Era só uma piada. Depois, virou um meme. Em pouco tempo, tornou-se uma comunidade inteira, onde o ódio é disfarçado de humor, e a violência, de “justiça”. Em fóruns anônimos, grupos de mensagens e redes sociais, jovens são atraídos para bolhas onde preconceitos como machismo, racismo e teorias conspiratórias se espalham sem barreiras.

Até que o mundo real começa a sentir o impacto, às vezes, de forma brutal. Esse contexto é retratado na minissérie Adolescência, dirigida por Philip Barantini. Estreada em 13 de março de 2025, a obra ganhou destaque ao se inspirar em casos reais para explorar a radicalização juvenil.

A trama acompanha Jamie, um garoto de 13 anos acusado de assassinar uma colega. O enredo levanta uma questão intrigante: o que levou um adolescente, de uma família estável, a cometer tal ato? A série destaca os perigos da vida online e como influências digitais podem passar despercebidas por pais, professores e autoridades.

De acordo com a pesquisa TIC Kids Online Brasil 2024, 93% da população brasileira entre 9 e 17 anos utiliza a internet regularmente. O estudo também revela que 83% possuem perfis em plataformas digitais e as utilizam pelo menos uma vez por semana.

A faixa etária de 15 a 17 anos é a mais presente online, com 99% de adesão, seguida pelos adolescentes de 13 a 14 anos (93%).
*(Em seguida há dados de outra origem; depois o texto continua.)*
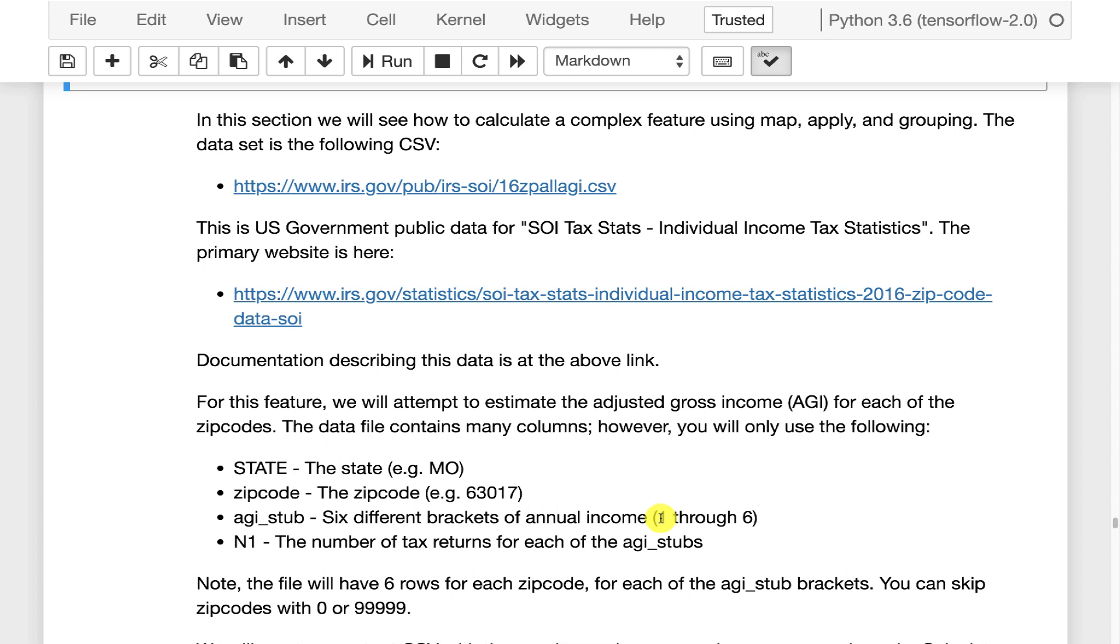Each zip code is going to have six rows for it then they give you a count which is N1, the number of people in each of those income brackets. So that gives you sort of a distribution of wealth in that particular zip code.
Mesmo entre as crianças, a presença digital é significativa: 60% das de 9 a 10 anos e 70% das de 11 a 12 anos possuem perfis, ainda que, em teoria, as plataformas não permitam usuários menores de 13 anos.

Outro dado preocupante da pesquisa mostra que 42% dos jovens entre 9 e 17 anos já viram alguém ser discriminado na Internet.

Especialistas apontam que, embora comportamentos hostis entre jovens existam há muito mais tempo, as plataformas digitais proporcionaram um terreno fértil para a disseminação de ideologias extremistas. 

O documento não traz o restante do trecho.